In a five-page letter to the Tata Sons board, Mistry claimed he was not given a “free hand” to run the business but was turned into “lame duck” chairman. After his appointment, he wrote, the articles of association of Tata Sons had been modified, changing the rules of engagement between the trusts, board, chairman and operating companies.
Mistry’s letter talks of a “total lack of corporate governance” and the failure on the part of the directors to “discharge the fiduciary duty owed to stakeholders of Tata Sons and of the group companies”. Mistry, 48 — and son of Shapoorji Pallonji Mistry, who has an 18% stake in Tata Sons — has warned the group faces impairments to the tune of $18 billion if just five companies are realistically assessed.
In an insight into the functioning of Tata Sons, Mistry cites the instance of how once the trustee directors Nitin Nohria and Vijay Singh had to leave a a board meeting in progress for almost an hour, keeping the rest of the board waiting, “in order to obtain instructions from Mr Tata”.
“I had to ease out hangers-on prone to flaunting their proximity to power,” Mistry wrote. Tata, he alleged had left him with no choice but to enter aviation since Tata had concluded negotiations to partner with AirAsia and had wanted the proposal “tabled at the forthcoming Tata Sons board meeting”. His pushback, he said, had been hard but futile.
Again, Tata had presented him with a fait accompli on the joint venture with Singapore Airlines. “Without the benefit of time and experience to fully evaluate the proposal, I had to accept that Tata Sons would take a 51% stake in a $100 million joint venture,”

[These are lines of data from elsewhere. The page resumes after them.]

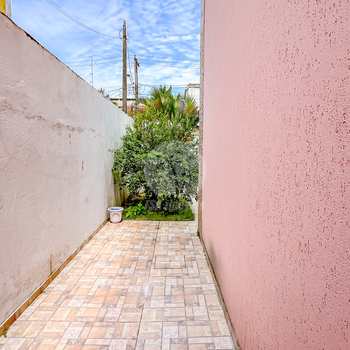 Casa em Bertioga, bairro Indaiá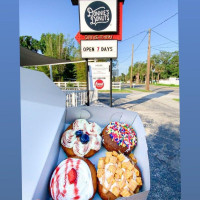 Donnie's Donuts food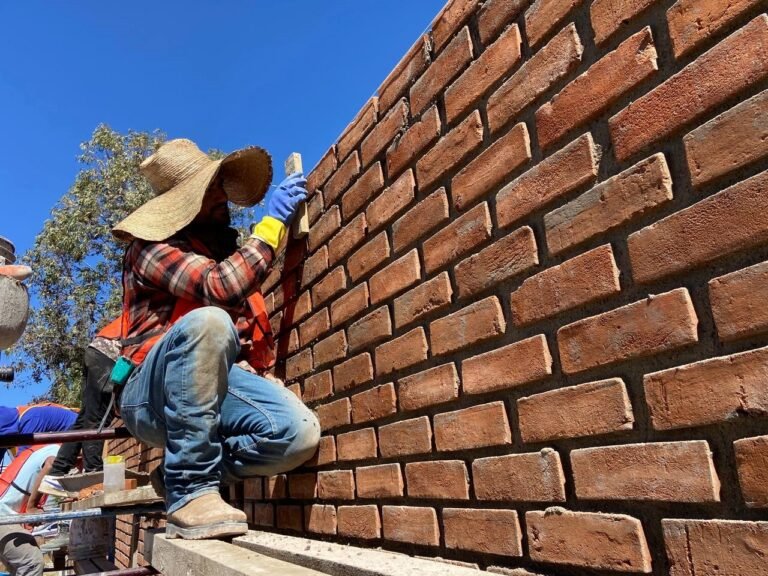 Supervisa IFEQ obras educativas en Huimilpan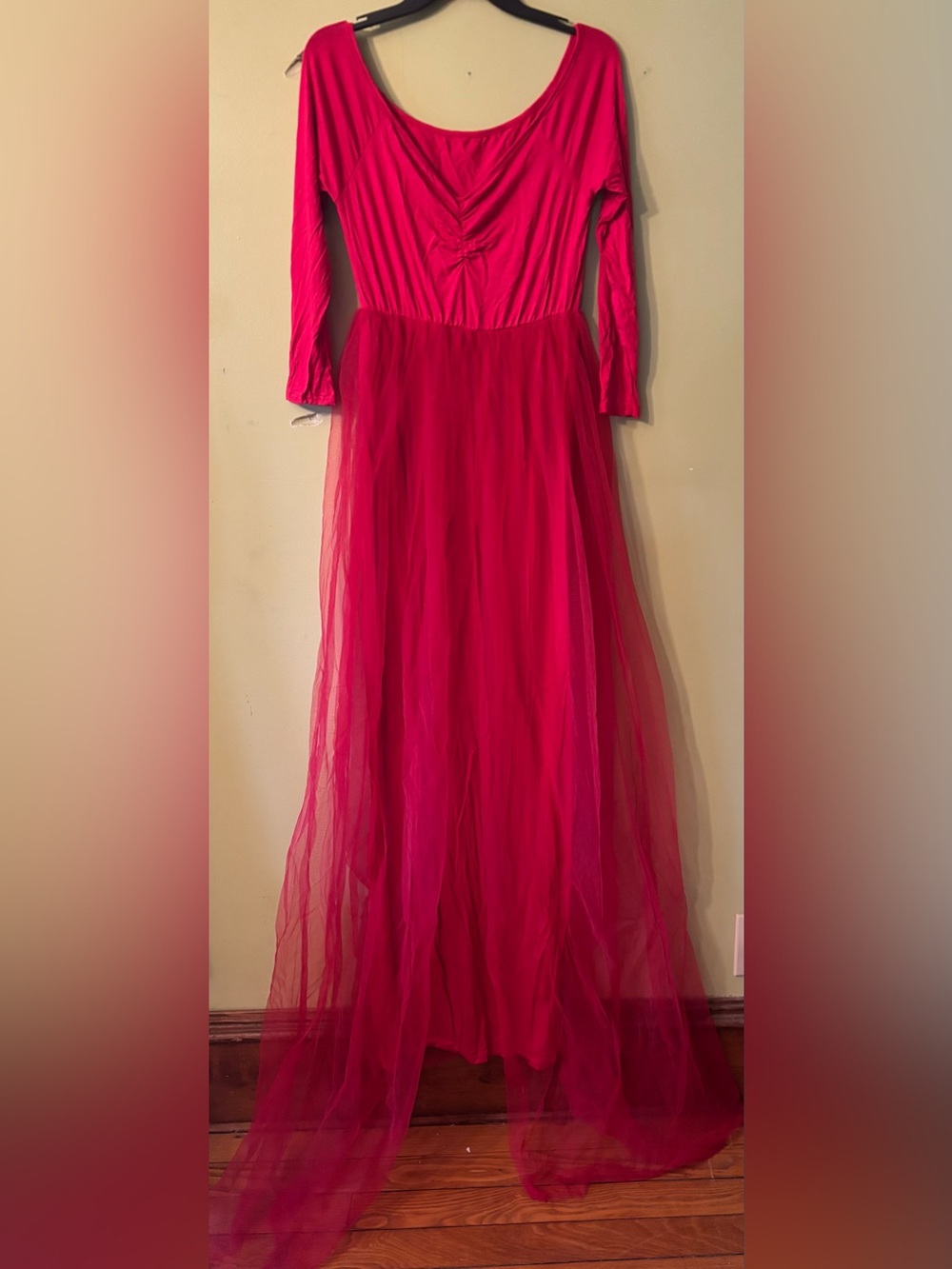 SHEIN Red Long Sleeve dress with train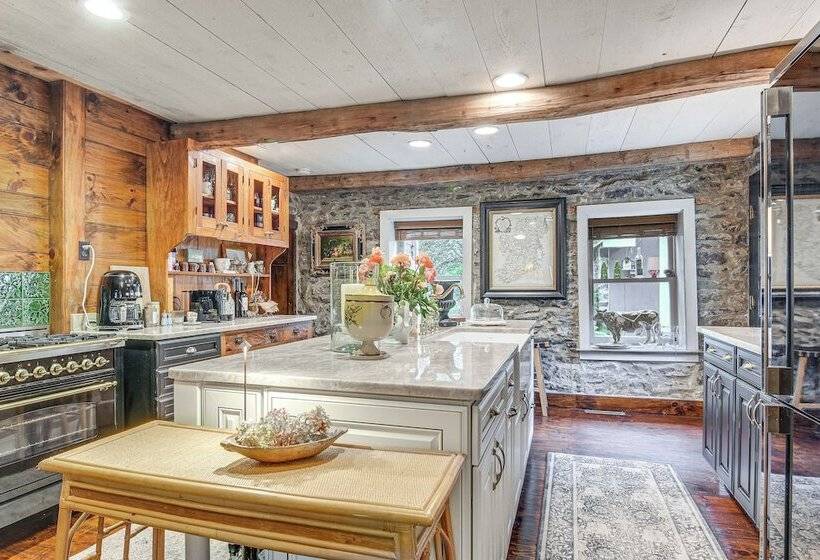 Steps To Delaware Canal: Enchanting Stone Cottage!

Saying he could not believe he had been removed for non-performance, especially since he had inherited so many troubled and debt-laden businesses, Mistry defended himself, pointing out that in a difficult environment, the group’s net worth had risen to R42,000 crore from R26,000 crore under his watch, while operating cash flows had grown at a compounded 31%.
Describing the precarious financial condition of some group companies, Mistry has said that apart from Tetley and Jaguar Land Rover, all acquisitions had left a huge debt overhang. The European steel business, he said, faced potential impairments of over $10 billion, only some of which has been taken as of date. Indian Hotels had to write down almost its entire net worth in three years. Tata Chemicals still needs tough decisions about its UK and Kenya operations. On the telecom business, Mistry wrote, “If we were to exit this business via firesale or shut down, the cost would be $4-5 billion.” The original deal structure of the Docomo venture raises many questions about its prudence, he observed.
An analysis of the aggregate data of the legacy hotspots — Indian Hotels, the passenger vehicles business of Tata Motors, Tata Steel Europe, Tata Power (Mundra) and Tata Teleservices — between 2011 and 2015 shows the capital employed in these companies had risen from R1,32,000 crore to R1,96,000 crore due to operational losses, interest and capex. This figure is close to the net worth of the group, at present R1,74,000 crore. A realistic assessment of the fair value of these businesses could potentially result in a writedown over time of about R1,18,000 crore.